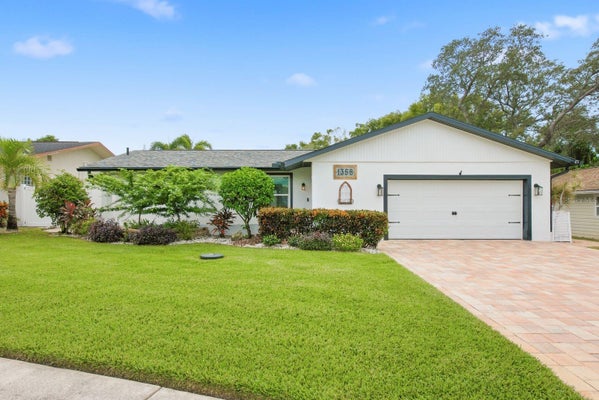 1358 WEXFORD DR S, PALM HARBOR, FL 34683 - Image 03044ea15fab79a3e2745ba659c92c19/2819996005
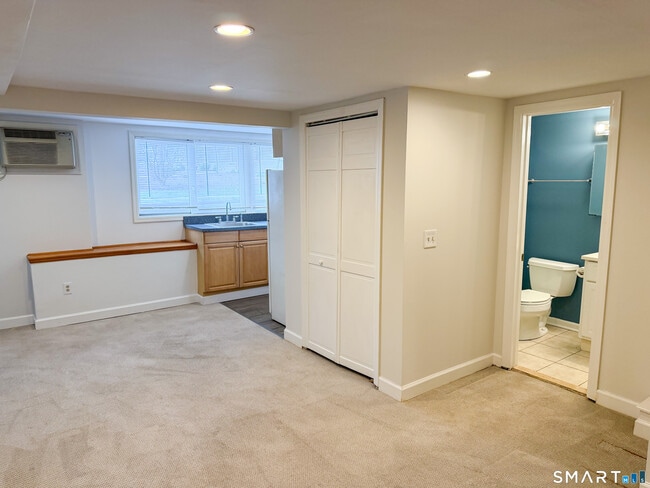 Building Photo - 25 Saugatuck Ave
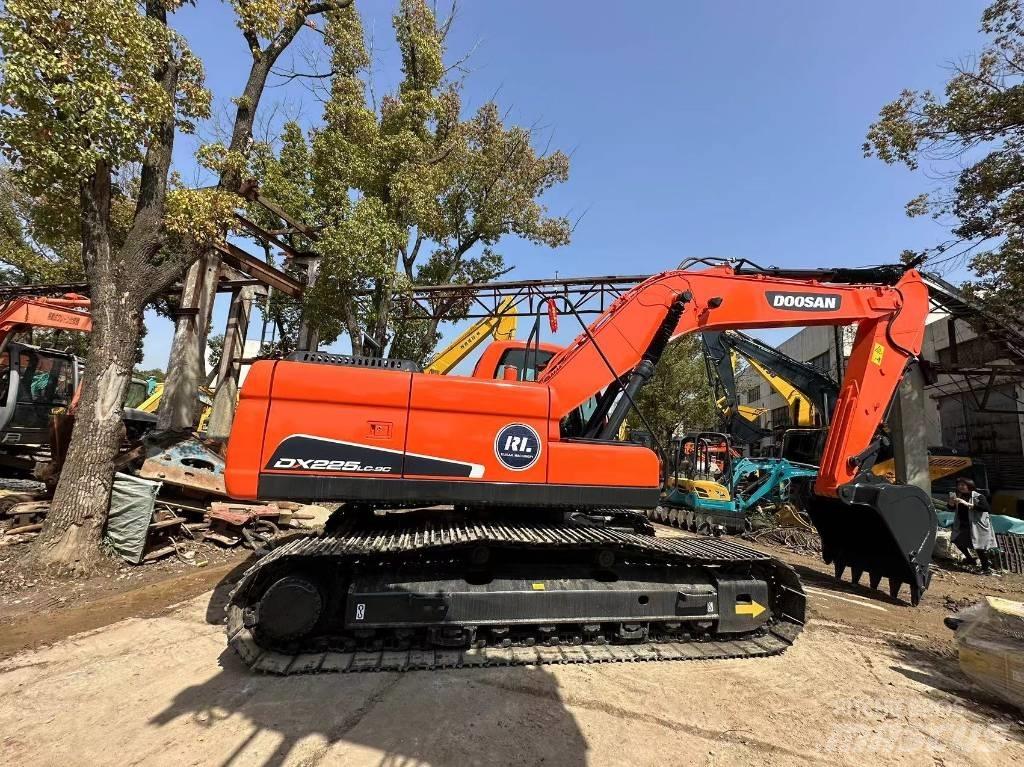 Doosan DX 225 LC-9 Kāpurķēžu ekskavatori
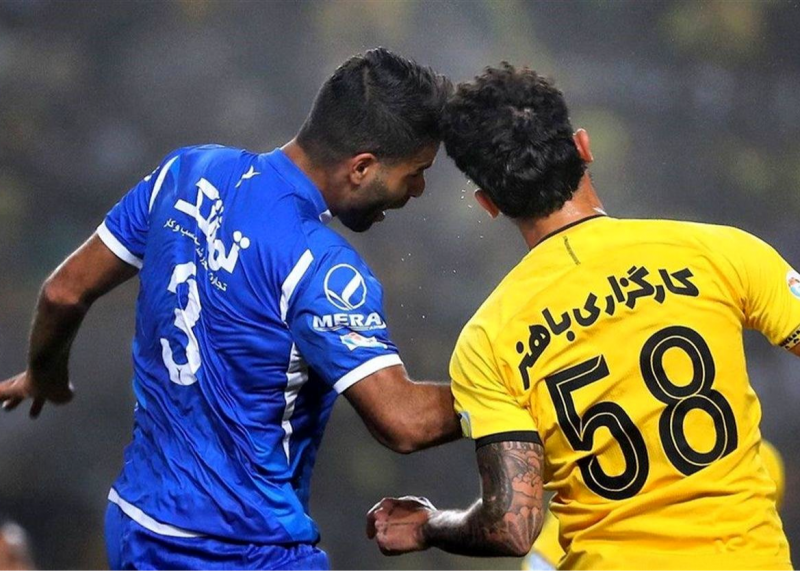 استقلال ۱-۱ سپاهان/ ادامه روند مساوی‌های موسیمانه؛ آبی‌ها به تراکتور و پرسپولیس هدیه دادند!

## ASSIGNMENT
Your task is to repeat the material above exactly, without its pictures.

## YOUR SOLUTION
 1358 WEXFORD DR S, PALM HARBOR, FL 34683 - Image 03044ea15fab79a3e2745ba659c92c19/2819996005
 Building Photo - 25 Saugatuck Ave
 Doosan DX 225 LC-9 Kāpurķēžu ekskavatori
 استقلال ۱-۱ سپاهان/ ادامه روند مساوی‌های موسیمانه؛ آبی‌ها به تراکتور و پرسپولیس هدیه دادند!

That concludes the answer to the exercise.